1.2.3. Noncontextual Markup Versus Contextual Markup

Most markup languages are noncontextual; that is, the data and markup occur in a stream on which particular relationships of order and hierarchy aren't explicitly imposed. For example, troff is a noncontextual markup language. In the example in Section 1.2.1, “Procedural Markup Versus Declarative Markup”, list items are shown as being “inside” a pair of macros representing the start and end of a list, which is helpful in making the markup declarative. However, nothing in the definitions of the .LS, .Li, and .LE macros specifies that a connection exists between lists and list items. Each definition just contains a series of formatting instructions, with the assumption that authors won't inappropriately put an .LE before the first .LS, or use chapter-heading macros inside pairs of list macros.
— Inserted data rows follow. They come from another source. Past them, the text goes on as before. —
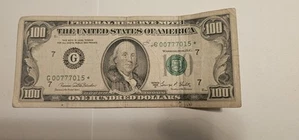 1969 Series C $100 Dollar Bill G00777015* Birthday Star Note Federal Reserve - Picture 1 of 4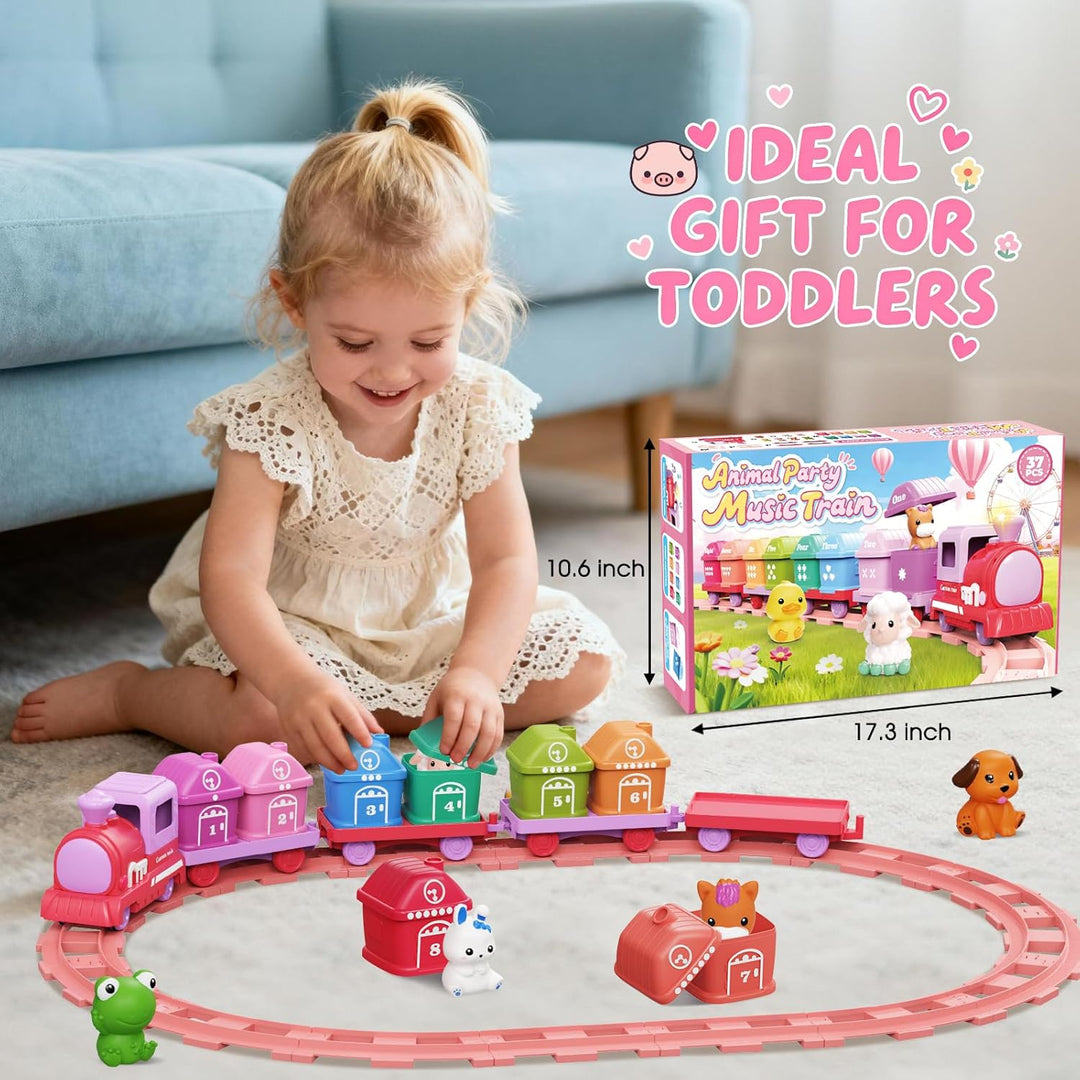 Eisenbahn-Set in Rosa für Kleinkinder – Lernspielzeug ab 1 Jahr (ideal für 1-3 Jährige Mädchen), Sch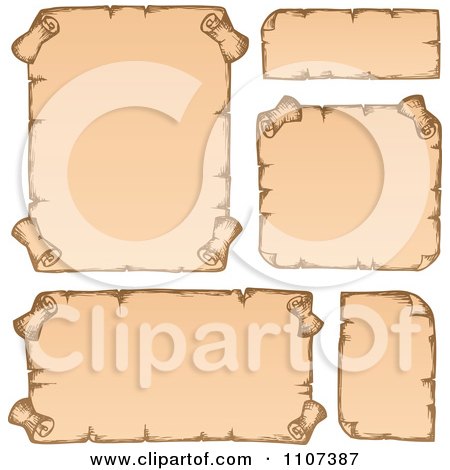 Clipart Sketched Antique Parchment Scrolls 1 - Royalty Free Vector Illustration by visekart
With a markup language that has the notion of context, the ordering and hierarchical containment of pieces of information, you can use context to your advantage by:

  • Making explicit rules about how the pieces should interact

  • Using computers to check the structural validity according to your rules

  • Processing and searching for text based on its context

SGML markup has a built-in notion of hierarchical containers for information that allows you to ensure, for example, that “lists” contain “items” and that they don't contain “chapters.” You can also test whether a bulleted list item is inside another bulleted list, and format it to have an introductory dash instead of a bullet and to have an additional indent level, or do the same for various levels of numbered lists so that the top level has Arabic numbers, the second level has lowercase letters, and so on. To achieve the same effect in a word processor, you must use a different style for each possible location in which a list item of each type occurs, with the result that you can end up with dozens of styles for a single logical kind of text.

1.2.4. SGML Markup Strengths

To summarize, SGML markup is unique in that it combines several design strengths:

  • It is declarative, which helps document producers “write once, use many”—putting the same document data to multiple uses, such as delivery of documents in a variety of online and paper formats and interchange with others who wish to use the documents in different ways.

  • It is generic across systems and has a nonproprietary design, which helps make documents vendor and platform independent and “future-proof”—protecting them against changes in computer hardware and software.

  • It is contextual, which heightens the quality and completeness of processing by allowing documents to be structurally validated and by enabling logical collections of data to be manipulated intelligently.

The characteristics of being declarative, generic, nonproprietary, and contextual make the Standard Generalized Markup Language “standard” and “generalized.

1.3. SGML Constructs

The grammar of every SGML markup language has four basic “parts of speech”: elements, attributes, entities, and comments. In the following sections we'll use a hypothetical set of DTD rules for a very simple “recipe” document type, along with two real recipes, to illustrate these parts of speech.

1.3.1. Elements

Section 1.2, “SGML and Other Markup Systems ” described the notion of nestable containers for collections of document information. In SGML, containers are called elements. The DTD rule for the occurrence and sequence of document data and other elements inside a particular kind of element, or element type, is called a content model. Our recipe DTD creates six element types, and declares their content models as follows:

  • A “recipe” element must contain a “title” element, followed by an “ingredient list” element, followed by an “instruction list” element. All these inner elements are required.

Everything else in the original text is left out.